Print out the entries that follow exactly, missing none.

START Stored data

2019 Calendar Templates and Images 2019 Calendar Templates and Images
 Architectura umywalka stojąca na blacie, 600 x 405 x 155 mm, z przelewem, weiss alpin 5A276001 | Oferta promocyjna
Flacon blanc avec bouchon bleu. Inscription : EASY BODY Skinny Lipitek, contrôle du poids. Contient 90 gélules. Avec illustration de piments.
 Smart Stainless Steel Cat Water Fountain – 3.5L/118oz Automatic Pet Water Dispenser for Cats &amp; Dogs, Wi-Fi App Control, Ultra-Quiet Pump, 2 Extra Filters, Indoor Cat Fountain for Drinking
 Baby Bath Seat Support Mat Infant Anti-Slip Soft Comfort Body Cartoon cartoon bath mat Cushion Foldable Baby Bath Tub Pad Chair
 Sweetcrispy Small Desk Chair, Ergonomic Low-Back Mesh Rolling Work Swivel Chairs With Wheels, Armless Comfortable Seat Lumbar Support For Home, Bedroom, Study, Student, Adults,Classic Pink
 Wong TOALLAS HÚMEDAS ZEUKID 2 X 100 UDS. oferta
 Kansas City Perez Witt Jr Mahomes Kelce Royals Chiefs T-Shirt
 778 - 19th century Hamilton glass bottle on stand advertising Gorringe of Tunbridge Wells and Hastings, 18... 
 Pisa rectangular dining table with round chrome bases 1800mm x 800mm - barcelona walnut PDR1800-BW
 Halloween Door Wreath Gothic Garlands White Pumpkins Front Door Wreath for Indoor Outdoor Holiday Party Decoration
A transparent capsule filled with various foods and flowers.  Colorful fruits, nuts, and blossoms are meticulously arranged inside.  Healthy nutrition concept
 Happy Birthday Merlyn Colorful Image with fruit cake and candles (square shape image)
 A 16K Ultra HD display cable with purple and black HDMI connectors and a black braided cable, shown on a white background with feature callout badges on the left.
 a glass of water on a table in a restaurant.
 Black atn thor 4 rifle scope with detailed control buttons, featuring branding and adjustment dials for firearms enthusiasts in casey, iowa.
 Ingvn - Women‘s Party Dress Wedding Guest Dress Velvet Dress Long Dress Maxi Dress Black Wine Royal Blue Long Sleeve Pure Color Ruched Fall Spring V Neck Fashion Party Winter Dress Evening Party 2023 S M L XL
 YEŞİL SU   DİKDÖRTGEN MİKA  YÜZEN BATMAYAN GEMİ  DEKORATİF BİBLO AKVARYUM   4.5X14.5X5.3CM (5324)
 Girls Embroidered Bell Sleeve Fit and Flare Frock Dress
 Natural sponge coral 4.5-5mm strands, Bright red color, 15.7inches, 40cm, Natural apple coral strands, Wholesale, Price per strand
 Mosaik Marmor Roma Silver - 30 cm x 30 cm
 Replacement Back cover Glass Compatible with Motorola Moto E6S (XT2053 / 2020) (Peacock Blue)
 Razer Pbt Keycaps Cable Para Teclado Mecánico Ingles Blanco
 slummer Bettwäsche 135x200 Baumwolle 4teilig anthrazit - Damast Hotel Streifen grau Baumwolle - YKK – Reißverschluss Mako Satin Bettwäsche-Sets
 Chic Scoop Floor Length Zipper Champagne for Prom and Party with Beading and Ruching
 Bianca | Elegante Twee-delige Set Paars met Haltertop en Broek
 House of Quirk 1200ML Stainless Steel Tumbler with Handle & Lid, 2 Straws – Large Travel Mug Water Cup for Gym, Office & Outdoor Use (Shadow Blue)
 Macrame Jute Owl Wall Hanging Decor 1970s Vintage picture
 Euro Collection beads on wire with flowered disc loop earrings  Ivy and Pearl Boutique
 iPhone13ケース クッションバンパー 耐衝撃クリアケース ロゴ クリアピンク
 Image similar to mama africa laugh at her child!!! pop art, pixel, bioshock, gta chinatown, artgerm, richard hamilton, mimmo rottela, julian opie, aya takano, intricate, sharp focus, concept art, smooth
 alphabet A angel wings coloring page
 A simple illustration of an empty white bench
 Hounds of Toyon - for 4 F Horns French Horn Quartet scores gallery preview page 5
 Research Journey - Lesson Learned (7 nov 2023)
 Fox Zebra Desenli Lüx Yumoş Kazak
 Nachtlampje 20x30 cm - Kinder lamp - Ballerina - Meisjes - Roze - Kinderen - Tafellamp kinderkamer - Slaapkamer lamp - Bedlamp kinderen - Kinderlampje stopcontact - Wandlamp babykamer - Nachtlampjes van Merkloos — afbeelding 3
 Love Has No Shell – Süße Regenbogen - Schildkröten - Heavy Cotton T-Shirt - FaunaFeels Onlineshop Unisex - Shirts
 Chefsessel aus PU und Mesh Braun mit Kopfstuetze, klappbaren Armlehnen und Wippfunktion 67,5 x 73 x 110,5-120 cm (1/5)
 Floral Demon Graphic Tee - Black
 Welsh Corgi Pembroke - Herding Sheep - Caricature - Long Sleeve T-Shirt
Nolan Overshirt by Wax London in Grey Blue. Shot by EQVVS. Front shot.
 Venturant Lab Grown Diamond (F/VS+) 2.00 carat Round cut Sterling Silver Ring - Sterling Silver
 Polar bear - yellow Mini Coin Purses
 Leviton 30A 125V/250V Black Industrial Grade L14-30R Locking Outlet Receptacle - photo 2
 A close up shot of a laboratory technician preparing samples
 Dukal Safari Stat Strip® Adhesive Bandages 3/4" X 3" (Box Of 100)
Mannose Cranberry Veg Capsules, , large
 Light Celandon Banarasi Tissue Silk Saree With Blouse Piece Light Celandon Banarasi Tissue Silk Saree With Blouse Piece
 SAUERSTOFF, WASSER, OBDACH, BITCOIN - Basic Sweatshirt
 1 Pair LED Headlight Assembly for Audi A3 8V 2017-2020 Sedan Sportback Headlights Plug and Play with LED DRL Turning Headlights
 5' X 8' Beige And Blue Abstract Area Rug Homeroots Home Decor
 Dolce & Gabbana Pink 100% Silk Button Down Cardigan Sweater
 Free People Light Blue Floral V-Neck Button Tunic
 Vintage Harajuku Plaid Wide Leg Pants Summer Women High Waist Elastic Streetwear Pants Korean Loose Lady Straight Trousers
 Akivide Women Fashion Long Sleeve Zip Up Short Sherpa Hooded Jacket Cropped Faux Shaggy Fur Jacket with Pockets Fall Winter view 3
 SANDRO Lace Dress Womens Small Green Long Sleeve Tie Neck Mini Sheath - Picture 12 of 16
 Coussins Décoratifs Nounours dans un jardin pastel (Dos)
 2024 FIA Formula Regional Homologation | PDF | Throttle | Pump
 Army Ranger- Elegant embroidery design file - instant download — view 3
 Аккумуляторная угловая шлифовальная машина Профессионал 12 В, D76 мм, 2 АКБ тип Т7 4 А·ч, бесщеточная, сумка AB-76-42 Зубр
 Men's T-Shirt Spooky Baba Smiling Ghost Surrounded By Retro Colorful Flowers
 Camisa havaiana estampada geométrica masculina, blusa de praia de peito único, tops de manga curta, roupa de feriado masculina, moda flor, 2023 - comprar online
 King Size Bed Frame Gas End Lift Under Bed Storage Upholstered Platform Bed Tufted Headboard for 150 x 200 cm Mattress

END Stored data

§ Response to this exercise
2019 Calendar Templates and Images 2019 Calendar Templates and Images
 Architectura umywalka stojąca na blacie, 600 x 405 x 155 mm, z przelewem, weiss alpin 5A276001 | Oferta promocyjna
Flacon blanc avec bouchon bleu. Inscription : EASY BODY Skinny Lipitek, contrôle du poids. Contient 90 gélules. Avec illustration de piments.
 Smart Stainless Steel Cat Water Fountain – 3.5L/118oz Automatic Pet Water Dispenser for Cats &amp; Dogs, Wi-Fi App Control, Ultra-Quiet Pump, 2 Extra Filters, Indoor Cat Fountain for Drinking
 Baby Bath Seat Support Mat Infant Anti-Slip Soft Comfort Body Cartoon cartoon bath mat Cushion Foldable Baby Bath Tub Pad Chair
 Sweetcrispy Small Desk Chair, Ergonomic Low-Back Mesh Rolling Work Swivel Chairs With Wheels, Armless Comfortable Seat Lumbar Support For Home, Bedroom, Study, Student, Adults,Classic Pink
 Wong TOALLAS HÚMEDAS ZEUKID 2 X 100 UDS. oferta
 Kansas City Perez Witt Jr Mahomes Kelce Royals Chiefs T-Shirt
 778 - 19th century Hamilton glass bottle on stand advertising Gorringe of Tunbridge Wells and Hastings, 18... 
 Pisa rectangular dining table with round chrome bases 1800mm x 800mm - barcelona walnut PDR1800-BW
 Halloween Door Wreath Gothic Garlands White Pumpkins Front Door Wreath for Indoor Outdoor Holiday Party Decoration
A transparent capsule filled with various foods and flowers.  Colorful fruits, nuts, and blossoms are meticulously arranged inside.  Healthy nutrition concept
 Happy Birthday Merlyn Colorful Image with fruit cake and candles (square shape image)
 A 16K Ultra HD display cable with purple and black HDMI connectors and a black braided cable, shown on a white background with feature callout badges on the left.
 a glass of water on a table in a restaurant.
 Black atn thor 4 rifle scope with detailed control buttons, featuring branding and adjustment dials for firearms enthusiasts in casey, iowa.
 Ingvn - Women‘s Party Dress Wedding Guest Dress Velvet Dress Long Dress Maxi Dress Black Wine Royal Blue Long Sleeve Pure Color Ruched Fall Spring V Neck Fashion Party Winter Dress Evening Party 2023 S M L XL
 YEŞİL SU   DİKDÖRTGEN MİKA  YÜZEN BATMAYAN GEMİ  DEKORATİF BİBLO AKVARYUM   4.5X14.5X5.3CM (5324)
 Girls Embroidered Bell Sleeve Fit and Flare Frock Dress
 Natural sponge coral 4.5-5mm strands, Bright red color, 15.7inches, 40cm, Natural apple coral strands, Wholesale, Price per strand
 Mosaik Marmor Roma Silver - 30 cm x 30 cm
 Replacement Back cover Glass Compatible with Motorola Moto E6S (XT2053 / 2020) (Peacock Blue)
 Razer Pbt Keycaps Cable Para Teclado Mecánico Ingles Blanco
 slummer Bettwäsche 135x200 Baumwolle 4teilig anthrazit - Damast Hotel Streifen grau Baumwolle - YKK – Reißverschluss Mako Satin Bettwäsche-Sets
 Chic Scoop Floor Length Zipper Champagne for Prom and Party with Beading and Ruching
 Bianca | Elegante Twee-delige Set Paars met Haltertop en Broek
 House of Quirk 1200ML Stainless Steel Tumbler with Handle & Lid, 2 Straws – Large Travel Mug Water Cup for Gym, Office & Outdoor Use (Shadow Blue)
 Macrame Jute Owl Wall Hanging Decor 1970s Vintage picture
 Euro Collection beads on wire with flowered disc loop earrings  Ivy and Pearl Boutique
 iPhone13ケース クッションバンパー 耐衝撃クリアケース ロゴ クリアピンク
 Image similar to mama africa laugh at her child!!! pop art, pixel, bioshock, gta chinatown, artgerm, richard hamilton, mimmo rottela, julian opie, aya takano, intricate, sharp focus, concept art, smooth
 alphabet A angel wings coloring page
 A simple illustration of an empty white bench
 Hounds of Toyon - for 4 F Horns French Horn Quartet scores gallery preview page 5
 Research Journey - Lesson Learned (7 nov 2023)
 Fox Zebra Desenli Lüx Yumoş Kazak
 Nachtlampje 20x30 cm - Kinder lamp - Ballerina - Meisjes - Roze - Kinderen - Tafellamp kinderkamer - Slaapkamer lamp - Bedlamp kinderen - Kinderlampje stopcontact - Wandlamp babykamer - Nachtlampjes van Merkloos — afbeelding 3
 Love Has No Shell – Süße Regenbogen - Schildkröten - Heavy Cotton T-Shirt - FaunaFeels Onlineshop Unisex - Shirts
 Chefsessel aus PU und Mesh Braun mit Kopfstuetze, klappbaren Armlehnen und Wippfunktion 67,5 x 73 x 110,5-120 cm (1/5)
 Floral Demon Graphic Tee - Black
 Welsh Corgi Pembroke - Herding Sheep - Caricature - Long Sleeve T-Shirt
Nolan Overshirt by Wax London in Grey Blue. Shot by EQVVS. Front shot.
 Venturant Lab Grown Diamond (F/VS+) 2.00 carat Round cut Sterling Silver Ring - Sterling Silver
 Polar bear - yellow Mini Coin Purses
 Leviton 30A 125V/250V Black Industrial Grade L14-30R Locking Outlet Receptacle - photo 2
 A close up shot of a laboratory technician preparing samples
 Dukal Safari Stat Strip® Adhesive Bandages 3/4" X 3" (Box Of 100)
Mannose Cranberry Veg Capsules, , large
 Light Celandon Banarasi Tissue Silk Saree With Blouse Piece Light Celandon Banarasi Tissue Silk Saree With Blouse Piece
 SAUERSTOFF, WASSER, OBDACH, BITCOIN - Basic Sweatshirt
 1 Pair LED Headlight Assembly for Audi A3 8V 2017-2020 Sedan Sportback Headlights Plug and Play with LED DRL Turning Headlights
 5' X 8' Beige And Blue Abstract Area Rug Homeroots Home Decor
 Dolce & Gabbana Pink 100% Silk Button Down Cardigan Sweater
 Free People Light Blue Floral V-Neck Button Tunic
 Vintage Harajuku Plaid Wide Leg Pants Summer Women High Waist Elastic Streetwear Pants Korean Loose Lady Straight Trousers
 Akivide Women Fashion Long Sleeve Zip Up Short Sherpa Hooded Jacket Cropped Faux Shaggy Fur Jacket with Pockets Fall Winter view 3
 SANDRO Lace Dress Womens Small Green Long Sleeve Tie Neck Mini Sheath - Picture 12 of 16
 Coussins Décoratifs Nounours dans un jardin pastel (Dos)
 2024 FIA Formula Regional Homologation | PDF | Throttle | Pump
 Army Ranger- Elegant embroidery design file - instant download — view 3
 Аккумуляторная угловая шлифовальная машина Профессионал 12 В, D76 мм, 2 АКБ тип Т7 4 А·ч, бесщеточная, сумка AB-76-42 Зубр
 Men's T-Shirt Spooky Baba Smiling Ghost Surrounded By Retro Colorful Flowers
 Camisa havaiana estampada geométrica masculina, blusa de praia de peito único, tops de manga curta, roupa de feriado masculina, moda flor, 2023 - comprar online
 King Size Bed Frame Gas End Lift Under Bed Storage Upholstered Platform Bed Tufted Headboard for 150 x 200 cm Mattress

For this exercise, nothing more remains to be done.